We build a graph (table)
The principle of constructing cash flow ( cash flow ) is very simple, but very informative. We need to compare monthly revenue with expenses. You can accept other periods – at least a week, at least a quarter – but usually all payments occur within one month, and the consolidation of periods is acceptable for long-term planning of future and long-term projects, and not current and those that are already on the way.
The data taken as an example assumes the presence of profitability in the range from 10 to 20% and a certain lag in the return on invested funds from the start of project expenditures. The first project can be the main activity. And all the rest are either the same, meaning just an additional amount of work, or fundamentally different, but generating income.
Table 1
Cash Flow Calculation Example
Rice. 1. Graphical display of cash flow to Table 1
Explanations
Cash flow is defined as the difference between receipts and expenditures over a period—in our case, a month.

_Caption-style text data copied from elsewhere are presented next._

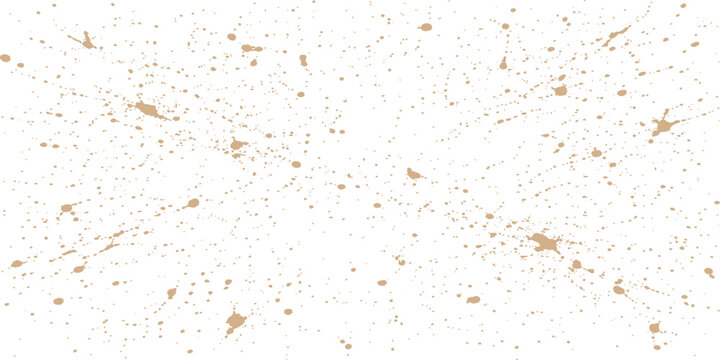 Abstract Splatter Texture: A striking abstract background featuring a chaotic yet artistic splatter pattern of beige and brown paint droplets on a white canvas.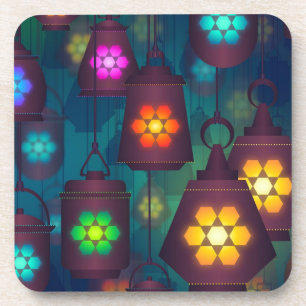 Arabian Lanterns Middle Eastern design Coaster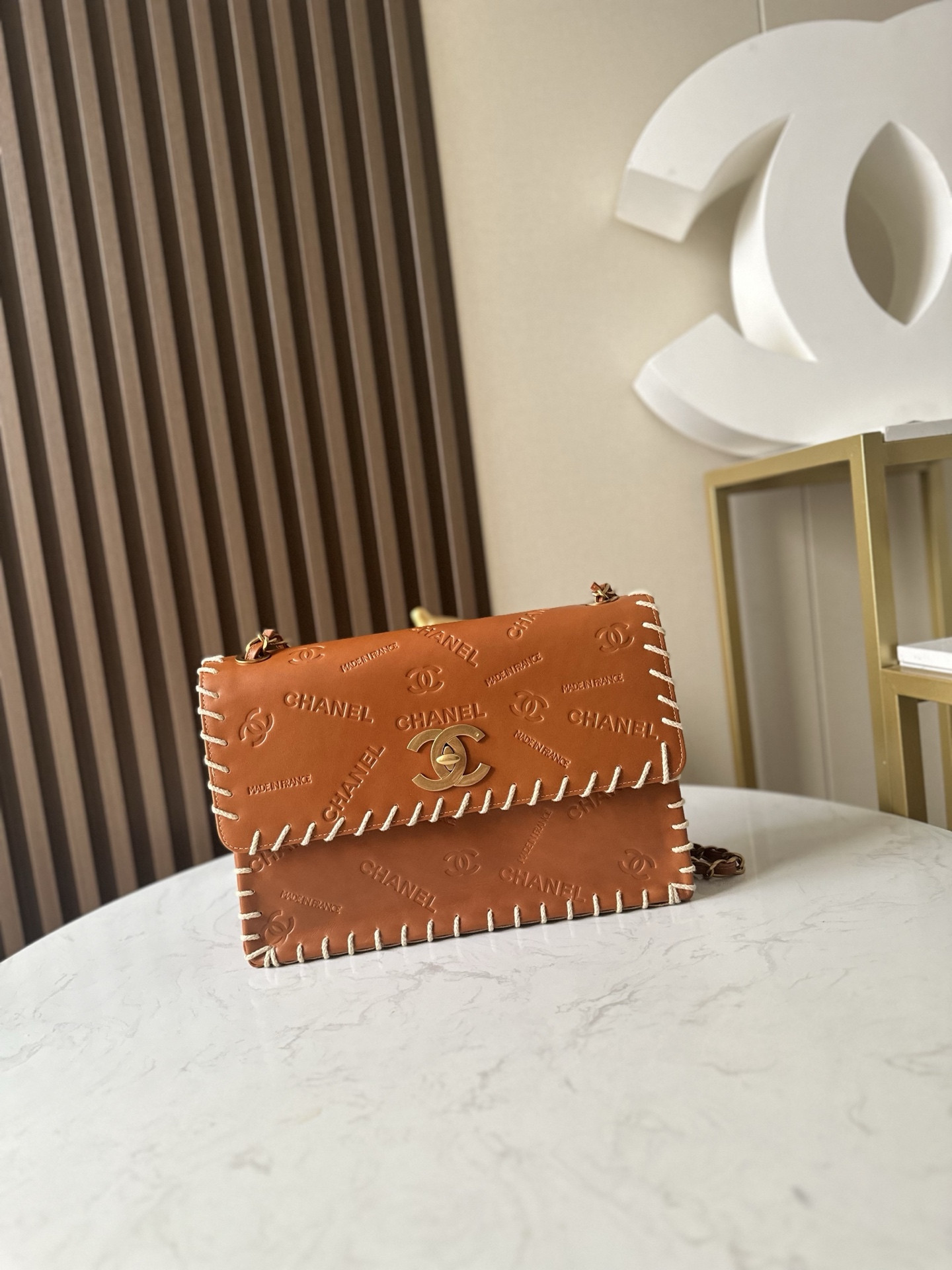 Ch**el Flap Bag AS3353 34x21x10cm
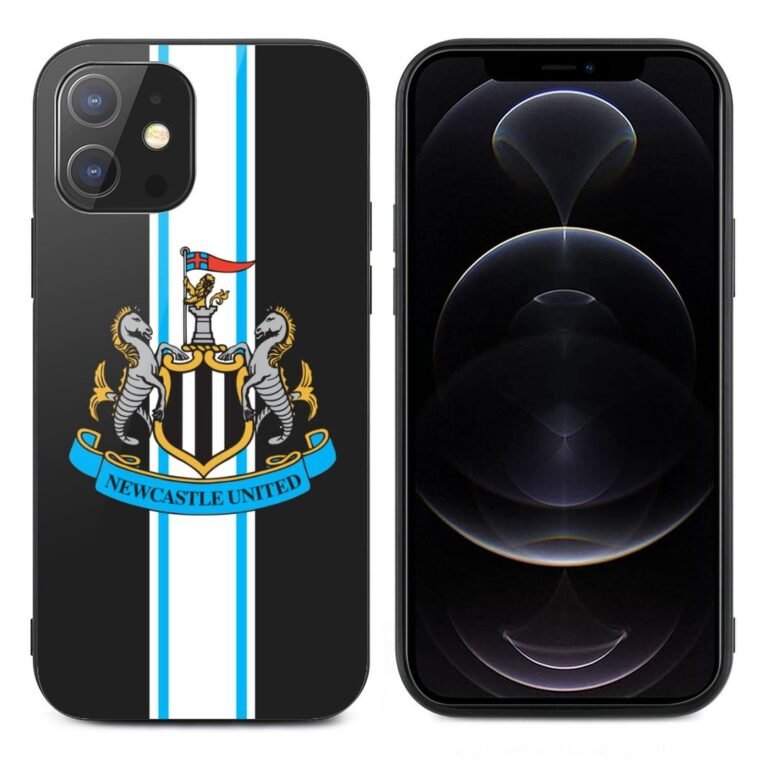 Newcastle United Stoßfest Glaskasten Handyhüllen & Cover Für IPhone 12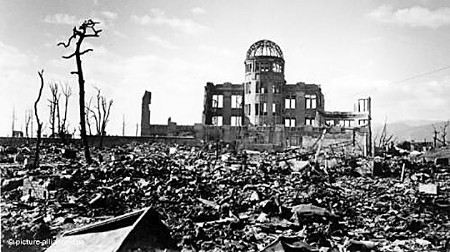 日本广岛核爆后现场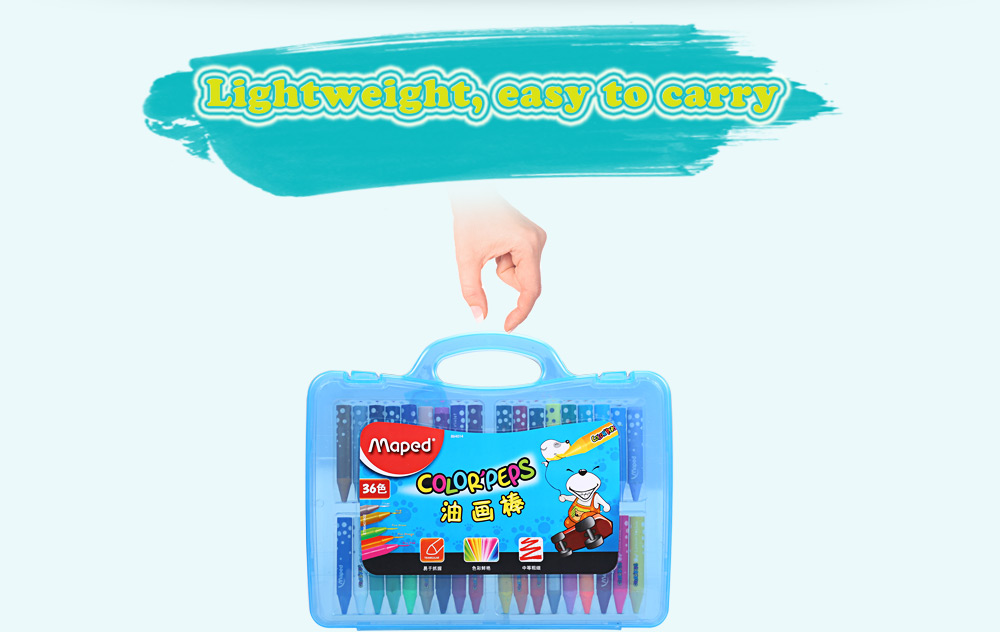 Maped 36 Colors Water Washing Colorful Oil Painting Stick for Kids Maped 36 Colors Water Washing Colorful Oil Painting Stick for Kids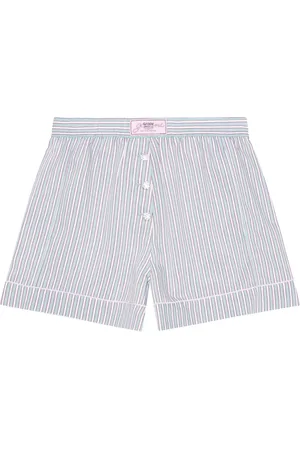 Ganni Shorts con motivo de rayas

Cash at the beginning – in our example, this is a conditional 1000 rubles. free cash that you have at the very beginning of the period under review. It can be equal to zero or negative – but it should reflect the real state of affairs at the moment.
Accordingly, the amount at the end of the period is the amount of money at its beginning plus cash flow.
The amount at the beginning of each period is the amount at the end of the previous period, so in the table the amount at the end changes on an accrual basis throughout the year, incorporating the cash flow values in each of the periods.